I used a pencil to sketch the design I wanted directly on the leather. Fairly simple, a dove in front of a sunburst. Once I had the my design drawn I used a swivel knife to cut it out.

Honest moment: This really was my first experience tooling leather. Because of that I didn't really know what I was doing and it was very much a learning experience. I started with the dove and I actually sort of carved the leather out, which is why that part looks very rough. I quickly realized that was most definitely not the way it was supposed to be done. I had thought that the stamps were just meant for additional texture and hadn't realized they were actually a necessary part of the process. Can you tell I was epxerimenting and not doing my research?

Anywho, all in all I still don't think the bird turned out terribly and I used a textured stamp around the sunburst to make it pop out and to shade around it.

Step 2: Setting Snaps

To add snaps to the cuff you need a hole punch and a snap setting kit. I figured out where the snaps should go by holding it around my wrist and eyeballing it... you can measure if you want.
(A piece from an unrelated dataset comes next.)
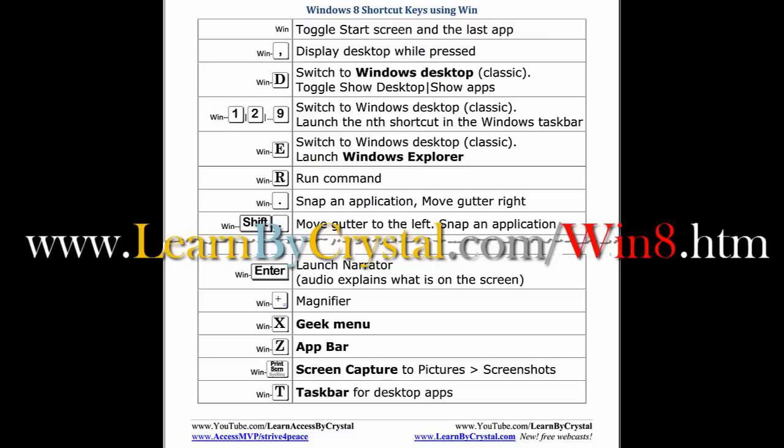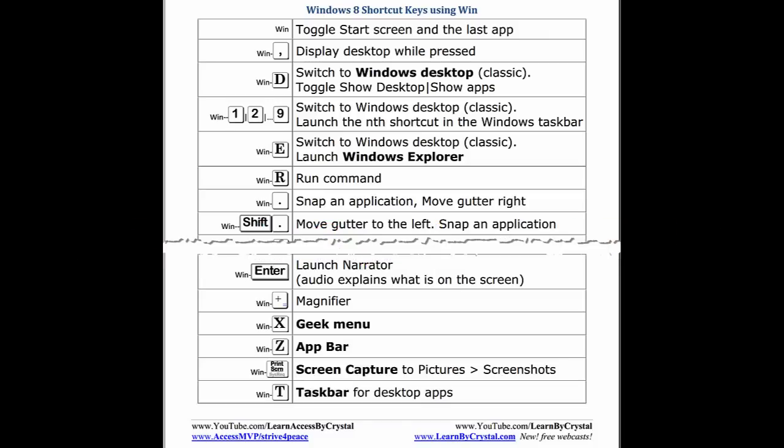For your free Windows 8 shortcut key handout, go to www.learnbycrystal.com/win8.htm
When punching the holes for the snaps always use the hole punch closest in size to the snap post. Usually one side of the snap is bigger than the other. the process is pretty simple but easy to mess up (I've ruined several snaps and rivets from just hitting it wrong, having the hole too big, etc.). First push the post through the hole. Then set it on the appropriately sized bump (they're numbered) on the "anvil". Set the other half of the snap on top. Then take the metal driver, place it on top of the snap, and whack it a couple times with your mallet. It's basically the same process for both the male and female ends. But for the male end the driver has a dimple in it that sits on top of the male end and for the female side the driver is slightly concave and sits on top of the rounded top of the snap.

If that doesn't make much sense the pictures should give you a fair sense of the order in which you should put the snaps together.

Step 3: Finishing Touches

I used an edge beveler to round the edges a bit and then went over them with an edge slicker.

And voila! You have now made your very own leather cuff.